Question

Many metals react with oxygen gas to form the metal oxide. for example, calcium reacts as follows. 2 ca(s) + o2(g) → 2 cao(s) you wish to calculate the mass (g) of calcium oxide that can be prepared from 4.23 g of ca and 2.87 g of o2. (a) what amount (mol) of cao can be produced from the given mass of ca? webassign will check your answer for the correct number of significant figures. mol (b) what amount (mol) of cao can be produced from the given mass of o2? webassign will check your answer for the correct number of significant figures. mol (c) which is the limiting reactant? calcium oxygen (d) how many grams of cao can be produced? webassign will check your answer for the correct number of significant figures. g

Answer 1

(a) Assuming the amount of O2(g) is not limiting the reaction, a mass of 4.23g of Ca(s) will produce an equal mass of CaO(s), hence it will produce 4.23g of CaO(s).

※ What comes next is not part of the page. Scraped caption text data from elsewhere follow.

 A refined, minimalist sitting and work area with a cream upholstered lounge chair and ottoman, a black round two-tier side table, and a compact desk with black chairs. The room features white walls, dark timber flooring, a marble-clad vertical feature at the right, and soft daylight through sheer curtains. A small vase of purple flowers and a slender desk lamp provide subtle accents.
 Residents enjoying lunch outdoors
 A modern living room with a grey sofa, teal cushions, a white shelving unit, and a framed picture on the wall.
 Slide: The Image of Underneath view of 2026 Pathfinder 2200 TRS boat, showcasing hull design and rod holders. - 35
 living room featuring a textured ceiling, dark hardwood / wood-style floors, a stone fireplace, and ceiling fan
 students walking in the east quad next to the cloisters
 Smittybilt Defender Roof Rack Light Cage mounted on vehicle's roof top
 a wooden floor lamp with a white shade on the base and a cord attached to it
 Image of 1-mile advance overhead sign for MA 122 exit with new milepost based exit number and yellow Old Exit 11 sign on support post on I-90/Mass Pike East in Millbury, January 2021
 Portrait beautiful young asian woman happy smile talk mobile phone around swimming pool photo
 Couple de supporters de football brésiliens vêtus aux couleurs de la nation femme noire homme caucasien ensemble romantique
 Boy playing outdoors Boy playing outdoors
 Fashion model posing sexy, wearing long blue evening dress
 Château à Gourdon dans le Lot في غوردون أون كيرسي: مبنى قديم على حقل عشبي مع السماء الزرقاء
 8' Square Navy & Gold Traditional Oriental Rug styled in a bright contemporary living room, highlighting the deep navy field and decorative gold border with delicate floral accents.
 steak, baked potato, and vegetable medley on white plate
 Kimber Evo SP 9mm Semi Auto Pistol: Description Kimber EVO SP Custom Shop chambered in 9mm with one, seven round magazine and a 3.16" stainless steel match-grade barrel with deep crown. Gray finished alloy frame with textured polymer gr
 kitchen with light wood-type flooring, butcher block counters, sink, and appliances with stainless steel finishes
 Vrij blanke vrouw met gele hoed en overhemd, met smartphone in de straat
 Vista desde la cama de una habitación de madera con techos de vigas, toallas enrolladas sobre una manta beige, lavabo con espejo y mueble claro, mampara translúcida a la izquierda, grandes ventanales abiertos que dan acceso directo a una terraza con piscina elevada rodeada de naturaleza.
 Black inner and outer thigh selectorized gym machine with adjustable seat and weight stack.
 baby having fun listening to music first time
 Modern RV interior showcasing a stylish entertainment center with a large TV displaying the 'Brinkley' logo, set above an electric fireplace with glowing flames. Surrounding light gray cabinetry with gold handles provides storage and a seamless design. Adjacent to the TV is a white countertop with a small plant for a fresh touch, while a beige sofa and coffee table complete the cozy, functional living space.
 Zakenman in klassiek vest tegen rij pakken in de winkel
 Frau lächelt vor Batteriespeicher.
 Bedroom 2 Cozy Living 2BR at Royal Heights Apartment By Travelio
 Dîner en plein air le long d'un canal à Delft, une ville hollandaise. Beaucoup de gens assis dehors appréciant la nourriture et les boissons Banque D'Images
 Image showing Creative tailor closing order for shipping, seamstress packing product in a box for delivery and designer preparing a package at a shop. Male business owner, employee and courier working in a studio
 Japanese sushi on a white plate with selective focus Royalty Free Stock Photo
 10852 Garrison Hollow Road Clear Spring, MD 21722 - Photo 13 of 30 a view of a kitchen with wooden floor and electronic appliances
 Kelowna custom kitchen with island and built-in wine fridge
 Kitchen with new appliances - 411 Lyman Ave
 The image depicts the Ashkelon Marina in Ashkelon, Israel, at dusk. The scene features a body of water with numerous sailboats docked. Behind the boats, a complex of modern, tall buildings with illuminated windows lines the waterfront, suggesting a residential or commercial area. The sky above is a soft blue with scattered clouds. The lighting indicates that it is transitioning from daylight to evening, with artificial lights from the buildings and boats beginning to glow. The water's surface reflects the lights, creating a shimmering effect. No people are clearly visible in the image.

According to their respective molar masses, we have the following CaO molar mass : Molar mass of Ca + Molar mass of O = 40.1 + 16 = 56.1 g/mol 4.23g of Ca will then produce : 4.23 / 56.1 = 0,07540107 mol of CaO. (b) With the same reasonment as above, and assuming the amount of Ca is not limiting, we have : 2.87g of O2 will produce : 2.87 / 56.1 = 0,051158645 mol of CaO. (c) From (a) and (b) answers, we can conclude that the reactant that produces less mol of CaO is limiting the reaction. Hence following the given masses, O2 is the limiting reactant. (d) Knowing the molar mass of CaO is 56.1 g/mol and knowing that O2 is the limiting reactant, we also know the reaction can produce a maximum of 0,051158645 mol of CaO can be produced. So we can conclude we will produce : 56.1 * 0,051158645 = 2.87g of CaO.